West-Ward’s search of the literature revealed 13 randomized controlled trials of phenylephrine injection in 750 patients.
Six of those studies, accounting for 68% of all the patients, involved women undergoing cesarean section who had received neuraxial anesthesia—an injection of anesthetic in their epidural space or spinal canal. Five studies involved surgery patients who had received general anesthesia. Two studies were of patients with septic shock.
The studies of the drug in patients with septic shock accounted for 11% of all the patients.
Need for vasopressors. John B. Leslie, a consultant to West-Ward and professor of anesthesiology at the Mayo Medical School in Rochester, Minnesota, said anesthesiologists always anticipate hypotension when administering neuraxial anesthesia.
Less so with general anesthesia, he told FDA’s advisers, although "hypotension is not uncommon." That is because patients typically have not eaten or drank anything since the preceding midnight, which predisposes them for mild hypovolemia with resultant hypotension.
The most common time for perioperative phenylephrine administration, Leslie said, is the interval between induction of anesthesia and the surgeon’s first incision. Once the surgeon cuts into the patient, blood pressure increases and the need for a vasopressor is over.
Leslie said phenylephrine’s effectiveness in treating perioperative hypotension is why he insists on having syringes of the vasopressor in his surgery packs at Mayo Clinic Hospital in Phoenix.
Indication. West-Ward proposed that FDA approve the drug for a relatively broad indication: "to increase blood pressure in acute hypotensive states, such as shock and peri-operative hypotension."

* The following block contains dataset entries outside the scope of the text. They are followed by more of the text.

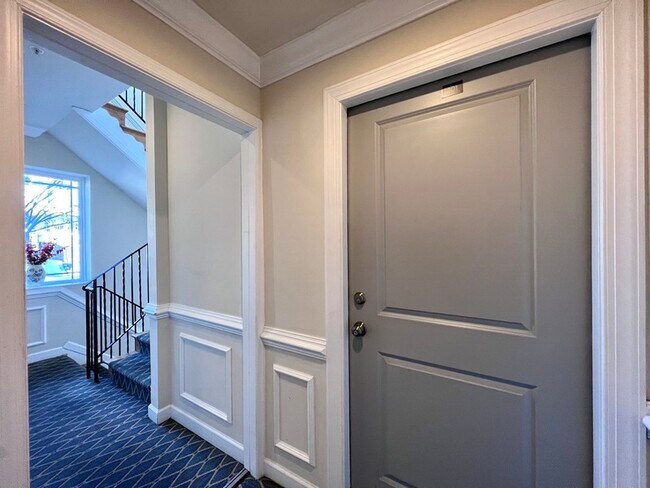 Building Photo - 1372 Randolph St NW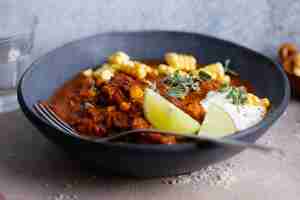 Foto gratuita sabroso chili con carne servido en un tazón sobre la mesa comida mexicana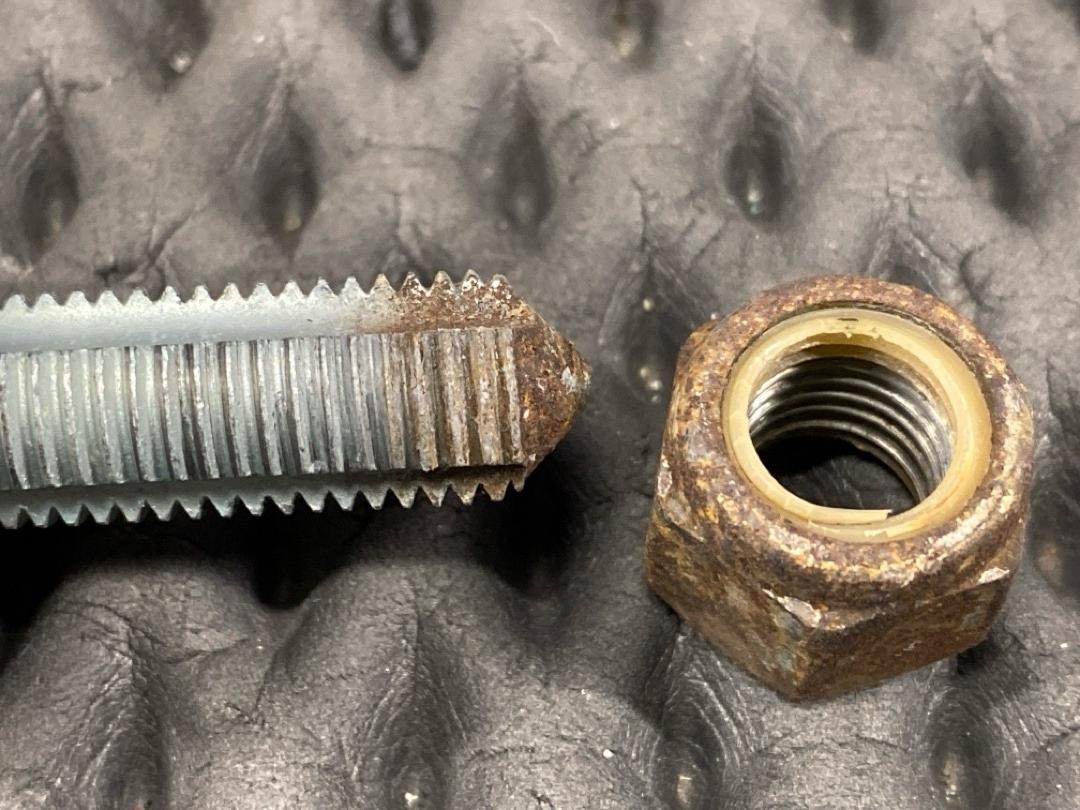 Болт развальный, 820 рублей, Красноярск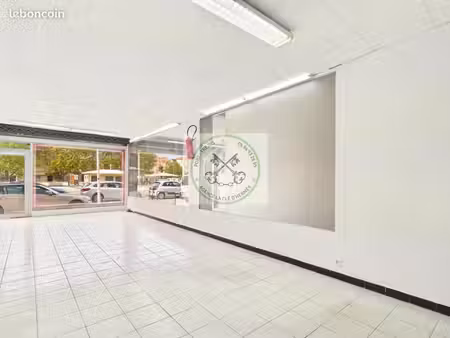 local commercial 47 m² saint-raphaël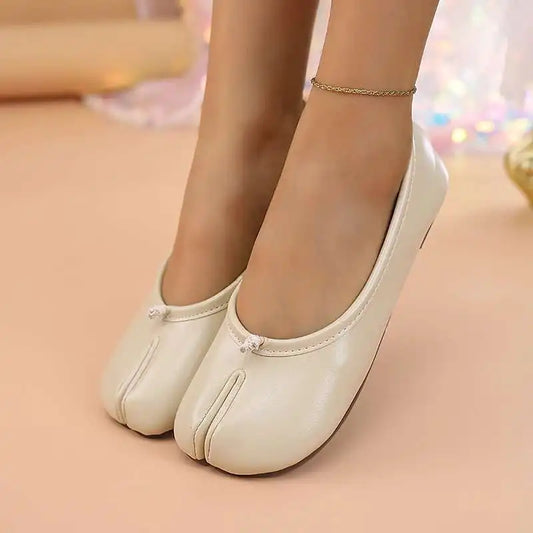 2026 New Women's Split-Toe Tabi Flats, Soft Leather Slip-On Ballet Shoes, Comfortable Casual Daily Wear Flat Shoes for Ladies
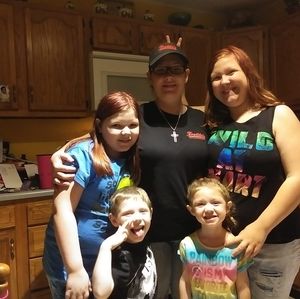 Meet your Posher, Crystal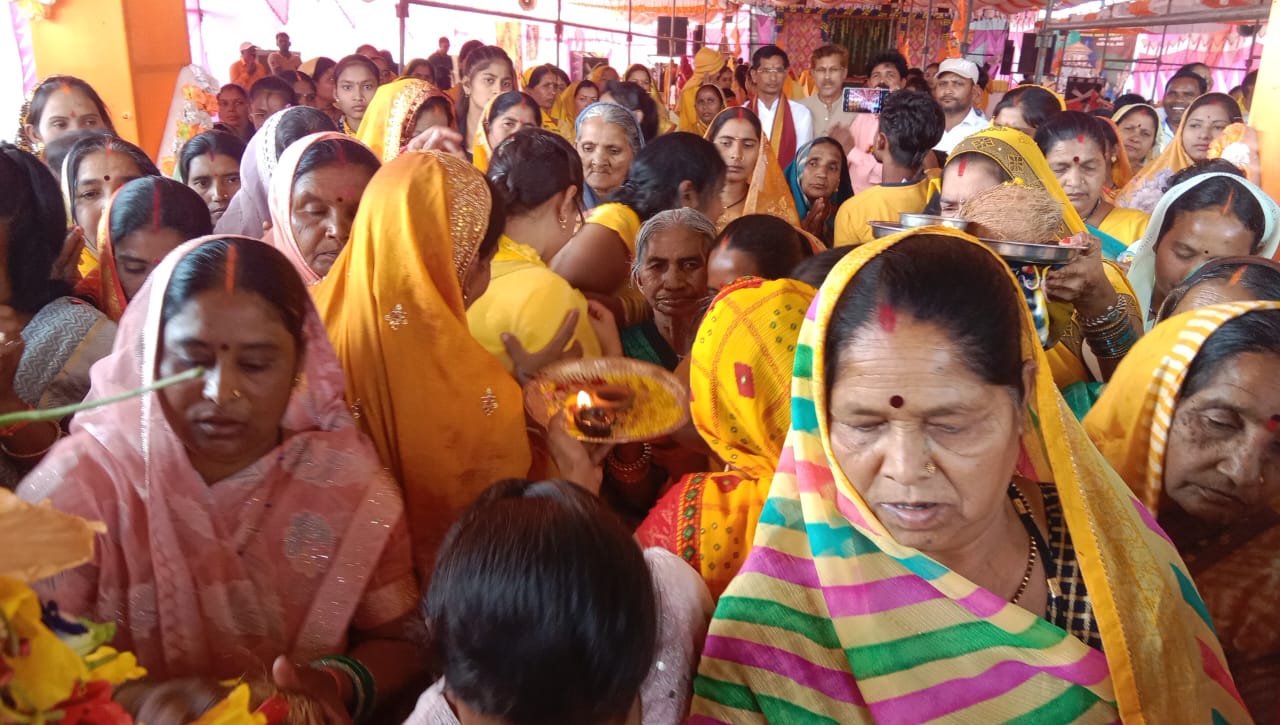 ग्राम कठौली में ज्योति कलश रथयात्रा का दर्शन-पूजन करते हुए ग्रामीण। ग्राम कठौली में ज्योति कलश रथयात्रा का दर्शन-पूजन करते हुए ग्रामीण।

FDA’s Targum, in explaining the drug approval process to the advisers at the meeting, said a company needs only "an indication in a specific setting" to get a drug on the market.
Rather than vote on the indication proposed by West-Ward, the advisers decided to vote first on a narrower one that seemed well supported by the literature: neuraxial perioperative hypotension. Then they tackled what remained of the proposed indication.
If the agency were to reject the phenylephrine application, Targum said, clinicians would still be able to use the vasopressors dopamine and norepinephrine, which are FDA-approved drugs.
A lawyer representing other manufacturers of unapproved drugs called on FDA to be consistent in its requirements. He said FDA had told his clients that their new drug applications must present the results of studies conducted expressly to support drug approval.